How to optimize processing time for a cube with too many dimension -
10-20-2004
, 01:13 PM
Situation:
Started as a typical sales data cube with your ususal suspect dimensions -
customer, product, store, geography, demographics, etc. With time, number of
dimensions started to grow. For e.g. demographics-related dimensions grew to
include age, gender, income level, education level, etc. etc.
purchase-related dimensions grew to include repeat-vs-new purchase,
promotion, channel, etc. etc. -- so, now we're looking at a cube with about
50+ dimensions. As you may have guessed, this is a bear to process, even when
we have sales_fact and customer rows in 100,000's.
Solution approaches:
You could say that we should redesign the cube and separate it out into
several different cubes, each containing a subset of these 50+ dimensions.

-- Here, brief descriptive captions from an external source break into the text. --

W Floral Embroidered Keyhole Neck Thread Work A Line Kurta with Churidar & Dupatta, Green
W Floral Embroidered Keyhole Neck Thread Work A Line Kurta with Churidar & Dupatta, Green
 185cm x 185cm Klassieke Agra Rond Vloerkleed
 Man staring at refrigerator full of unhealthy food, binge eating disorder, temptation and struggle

However, there is a real business need to have all these dimensions because
the analyst should have the capability of choosing any one of the
purchase-related dimension and "cross examine" it against any of the other
ones (i.e. distance-to-store vs channel, age vs product category, etc.) So,
just partitioning the dimensions solves the technical challenge at the cost
of not meeting all business needs.
Looking at the available techniques, it seems like cube partitioning helps
to some extent by partitioning fact table rows into separate manageable
chunks. But the problem of having too many dimesions to create aggregate
still hurts performance. However, what I'd really like to do is to have the
cube partitioned by dimensions - i.e. partition 1 has all the demographic
dimensions, partition 2 has all the geography dimensions, partition 3 has all
the product related dimensions, etc. I thought virtual cubes should allow
for this, but we havent' quite gotten it to work the way we want.
Question:
I'd greatly appreciate any pointers in terms of your own experiences in
dealing with similar situation, or references to best practices in dealing
with large cubes with a lot of dimensions. TIA |